Marlene Wilx, a resident of the East New York neighborhood in Brooklyn, relaxed in the shade of her tent at the East New York Farmers Market and bit into a huge, bright-orange carrot on a recent sunny Saturday. “Would you believe I just pulled this from the ground an hour ago?” she asked, motioning to the half-acre community garden behind her. Wilx is one of fifteen to twenty community gardeners who set up shop on Schneck Avenue every week to sell locally produced fruits and vegetables. She’s been doing it for nine years.
The East New York Farmers Market isn’t just any old summer market; it’s part of a multipronged, decade-old community venture called East New York Farms!, which endeavors to bring fresh, local, affordable food as well as sustainable living opportunities to the East Brooklyn neighborhood.
Local agriculture projects like East New York Farms! have become increasingly popular in the last few years as the effects of global warming grow more obvious. The fuel needed to transport foods across the country–or around the world–is a major contributor to America’s enormous tally of carbon emissions, and buying locally means an automatically more energy-efficient way to eat. Farmers’ markets and local food choices at grocery stores are popping up all over the place as a result: New York alone has upwards of 400 farmers’ markets statewide this year–about fifty more than last year.
Nationwide, groups are looking beyond the environmental benefits of local agriculture, and major social change is beginning to sprout from some local foods initiatives.
East New York Farms!, for example, was envisioned in 1995 by a group of local and citywide organizations who were brainstorming ideas for community growth in East New York–a neighborhood with a 31 percent poverty rate in 2000 (substantially higher than New York as a whole, at 19 percent). It had come to the group’s attention that East New York was becoming increasingly starved of resources, lacking safe, meaningful youth programs as well as fresh produce and employment opportunities. The idea was to develop some of the vacant lots in the area into urban farms and to employ youth interns to cultivate the land. All this would culminate in a seasonal farmers’ market that would provide space for community vendors to sell and purchase goods locally. In 1999–its opening year–the farmers’ market brought in a few hundred patrons. Last summer there were almost 14,000.
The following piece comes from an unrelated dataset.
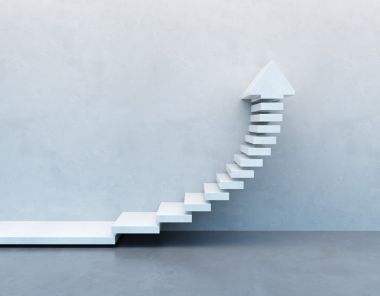 網站改版設計 網站改版設計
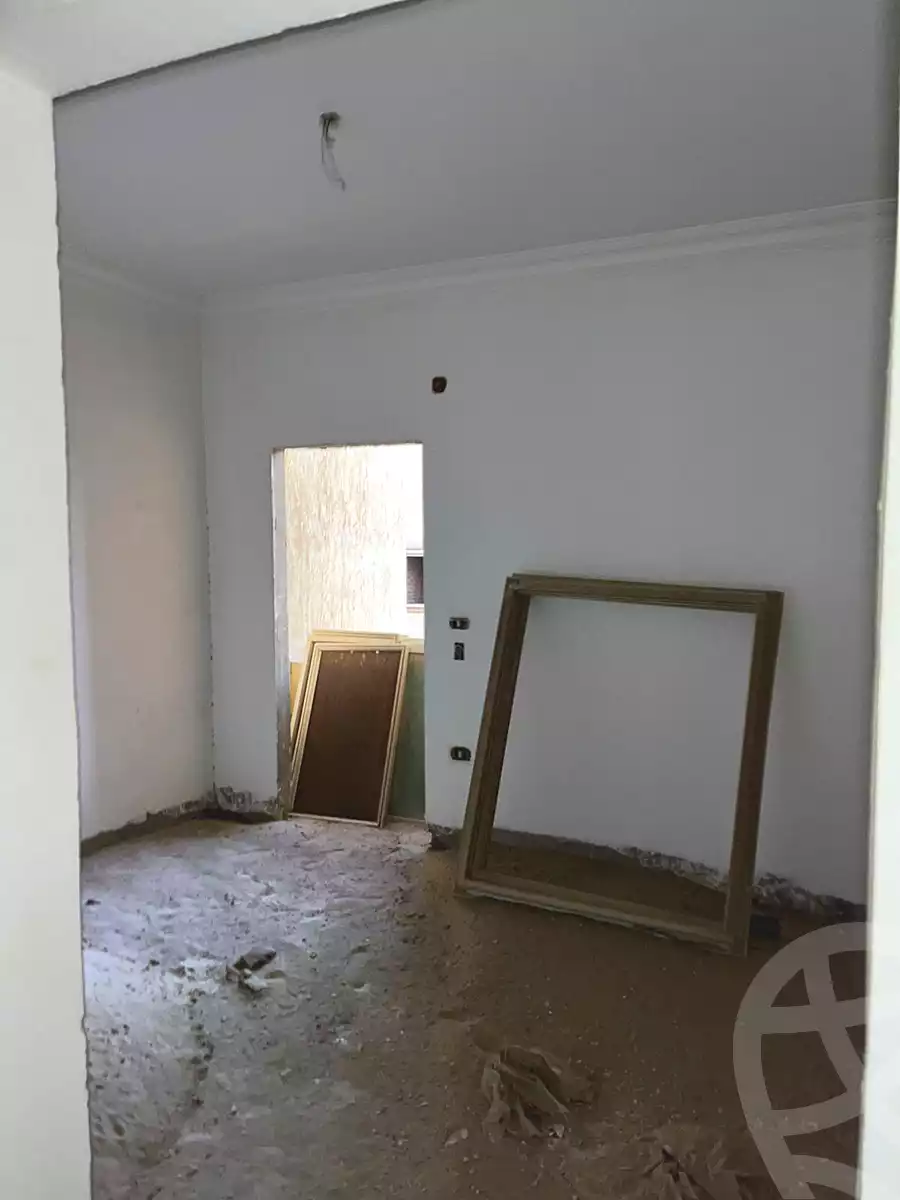 https://aqarmap.com.eg/ar/listing/6884377-for-sale-cairo-6th-of-october-garb-someed-neighborhood-1st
And the internship program is thriving. Twenty teenagers–eight returning and twelve new interns every year–are selected from a pool of applicants, who are drawn to the program through high school guidance counselors and school presentations made by United Community Centers (the group that now runs East New York Farms!). This year fifty-four young people applied, according to Urban Agriculture coordinator Jonah Braverman.
“It’s good for community members to experience intergenerational relationships,” said Braverman of the internship program. “It helps youth and adults understand the resources that the others can provide.” The interns, who work four days a week, including a Friday harvest, are responsible for everything from working in the garden to setting up tents and tables for the market on Saturday.
“I like it because it’s one of the only ways to actually give back to the community,” said Jason Thomas, 16, who is in his fourth year of working as an intern for the farm. His job involves training others how to plant, grow and harvest, and helping customers at the weekly market find what they’re looking for.
East New York Farms! is not the only project using local foods as a means of salvation in low-income communities. Programs like it have picked up steam all over the country in hopes of building sustainable resources in communities that have until now been largely overlooked by some promoters of the local foods movement.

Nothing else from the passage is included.